Жизнь, изображаемая смертью, явлена в феномене человека как Божьей твари: бессмертная душа, оплотненная (означенная, изображенная) смертным телом. История родной философии телесности могла бы показать, что основные ее дефиниции знаменуют попытки раскрыть природу изображающей смерти и ответить на вопрос: каким это образом плоть – наследница тления оказалась репрезентантной души – наследницы бессмертия? Достаточно рано осознан был и тот факт, что ни тело, ни душа сами себя не видят: между ними лежит некое интерпретирующее их пространство ментально-телесного контакта. Оно было названо рассудком. Теперь тело (изображающая смерть) могло быть понято как часть натурального ландшафта: «Но я зрю, что все, окрест меня существующее, изменяется; цвет блекнет и валится, трава иссыхает, животные теряют движение, дыхание, телесность их разрушается; то же вижу и в подобных мне существах. Я зрю везде смерть, то есть разрушение <…>». Овнешненной бренности противостоит внутренний аргумент в пользу вечной души: человек, «<…> имея опору в рассудке, <…> прелетает неприметную черту, жизнь от смерти отделяющую, и первый шаг его был в вечность»7.
А. Н. Радищев, как и М. М. Щербатов, не разделяют скептического взгляда европейских просветителей на «тайны гроба». Механистические картины мира, в которых смерть – всего лишь причина в ряду причин («печальная естественная необходимость», по слову автора «Человека-машины»8), окрепнут в эпоху позитивизма и плоского семинарского материализма. Отечественная философия тяготеет к организмической онтологии. На русской почве интерес к теме смерти подпитывался разнородными тенденциями. С одной стороны, на Руси хорошо помнится святоотеческий тезис Иоанна Дамаскина: «Философия есть помышление о смерти» [Диалектика, 3, po 94, 534 B; ср. у Платона: «Истинные философы много думают о смерти» (Федон, 67е)]. С другой стороны, любопытство к смерти мотивировано мистической литературой в масонском обиходе. Благодаря лекциям И. Г. Шварца, издательским инициативам Н. И. Новикова, И. В. Лопухина, их сомышленников и учеников тексты Я. Бёме, Э. Сведенборга, К. Эккартсгаузена и И. Арндта вошли в круг классических штудий отечественной танатологии.

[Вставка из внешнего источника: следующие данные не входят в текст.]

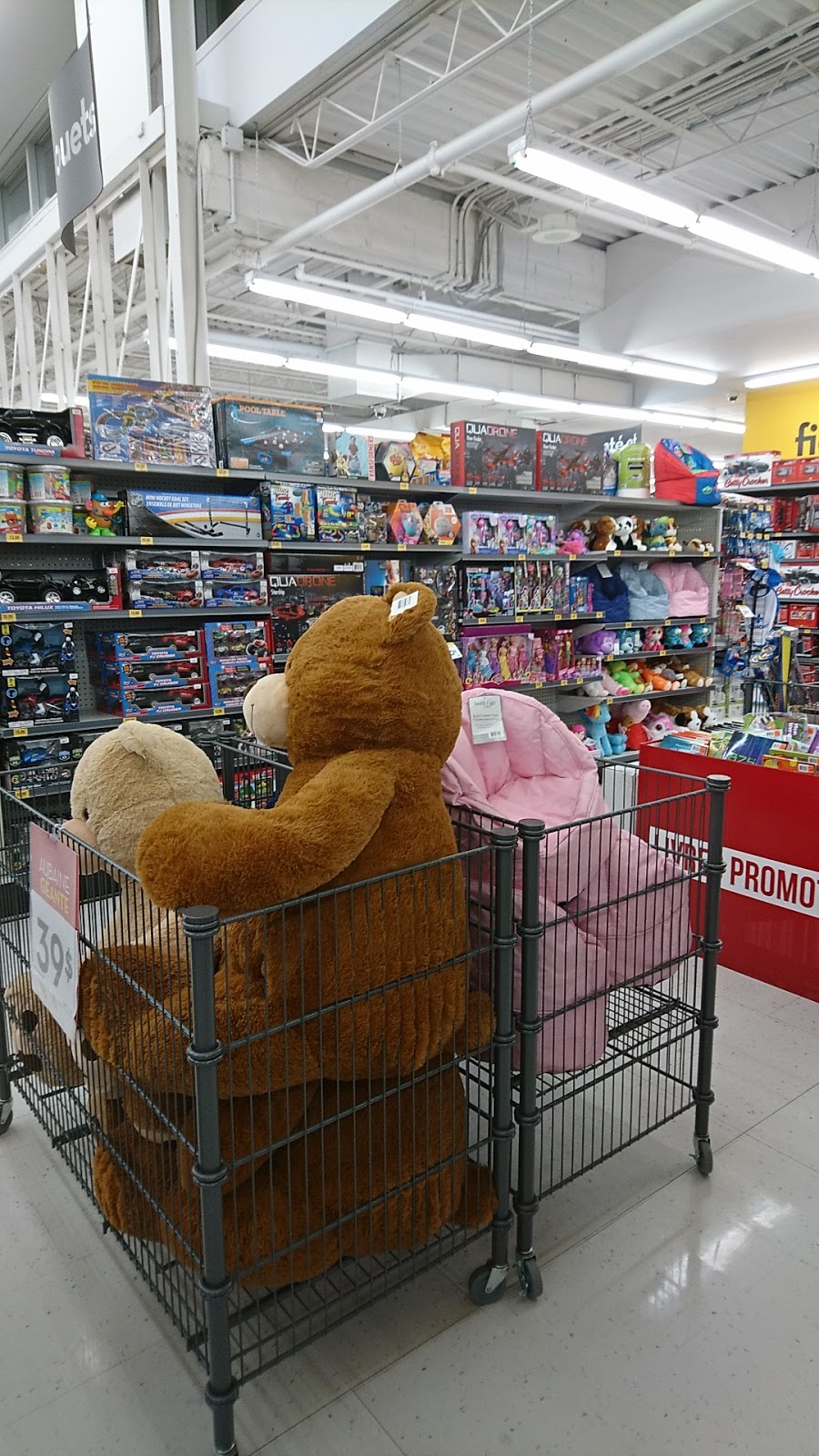Tigre Géant | 280 Boulevard du Fort-Saint-Louis, Boucherville, QC J4B 1S1, Canada | Phone: (450) 449-2166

Масонская транскрипция проблемы смерти была этической по преимуществу. Это была первая попытка осознать смерть как проблему личности (при отсутствии личностных приоритетов в социальной психологии эпохи). Масонам удалось создать концепцию поступка, в свете которой безнадежная необратимость времени резко повысила в ранге моральную ответственность «я» в мире других и всех «я» пред Богом. Любовь к ближнему странным образом оказалась сублимантом страха смерти, а созерцание тленных футляров изображающей смерти принудило к идее нравственного самосовершенствования.
Этическая утопия масонов призвала своих адептов к обретению внеконфессиональной святости. На бытовом фоне XVIII в., когда люди избавлялись от мыслей о быстротекущем времени несколько иным, мягко говоря, образом, масонские этические программы выглядели еще экзотичнее, чем чудачества московских вельмож или выходки петербургского барина в усадьбе. В пестрой картине типов поведения эпохи можно назвать только одну специфично русскую форму самоотверженного (и даже экстремального в своем надчеловеческом героизме) вызова смерти и смертности: юродство. В трагической фигуре «Божьего шута» (так назовет юродивого Л. П. Карсавин в своей «Поэме о Смерти», 1932) на Руси состоялась первая смерть изображающей смерти: она поражена в правах онтологической изобразительности, потому что ее не замечают. Юродивый презрел свое тело и тем «выпал» из сплошь детерминированного смертью натурального ландшафта смертного мира. Иммортализм юродивого сознания составит отдельный сюжет в истории русской культуры; позже в него войдет множество русских людей: от П. Я. Чаадаева, Н. В. Гоголя, А. С. Хомякова, Ф. М. Достоевского, Л. Н. Толстого и В. С. Соловьева до «русских францисканцев», обереутов и А. П. Платонова включительно.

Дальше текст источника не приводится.